The Forward on Climate rally, as it was billed by environmental groups Sierra Club and 350.org, called for President Obama to take immediate action on climate change, with many calling for the government to block the construction of the oil pipeline known as Keystone XL.
Protestors marched through the streets bearing placards and massed on the National Mall, where speakers addressed the crowd. Washington police declined to provide a crowd estimate.
“Today was one of the best days of my life, because I saw the movement come together finally, big and diverse and gorgeous,” 350.org President Bill McKibben tweeted after speaking at the rally.
Keystone XL has been a signature issue for climate-control activists, who caught policymakers and the pipeline industry off guard with 2011 protests against the proposed pipeline, which would bring so-called tar sands oil from Canada into the United States.

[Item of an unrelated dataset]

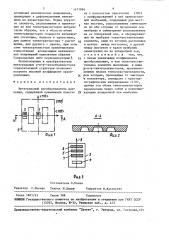 Интегральный преобразователь давления (патент 1471094)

Although other proposed pipelines inside the U.S. would shunt larger amounts of oil around the country, the proposed TransCanada project must pass through a legal bottleneck in order to be built: U.S. law requires federal approval for new pipelines crossing international borders, making the pipeline more vulnerable to concentrated political pressure.
Opposition has since led the Sierra Club to lift a long-standing ban on civil disobedience for the sake of opposing the pipeline’s construction. The club’s executive director, Michael Brune, was arrested at a Wednesday protest outside the White House.
Obama is expected to make the decision whether to approve construction of the pipeline, which proponents have said would limit U.S. reliance on Middle Eastern oil.
Opponents believe the process to produce and refine tar sands oil from Alberta, Canada, would be more carbon-intensive than typical oil production, potentially accelerating climate change.
According to a 2012 Gallup poll, 38% of Americans think global warming will harm them in their lifetimes, up from 25% in 1997. However, according to a January poll, 57% of Americans are satisfied with the environmental state of the nation, up 3 points from 2005.
Except for 1998, the Earth’s nine warmest years on record have occurred since 2000, according to reports issued in January -- one by the National Oceanic and Atmospheric Administration and the other by the National Aeronautics and Space Administration. Last year was reported as the warmest on record for the lower 48 states.
[For the record, 5:27 p.m. PST Feb. 17: An earlier version of this post said 1988 was one of the 10 hottest years on record. Actually, it was 1998.]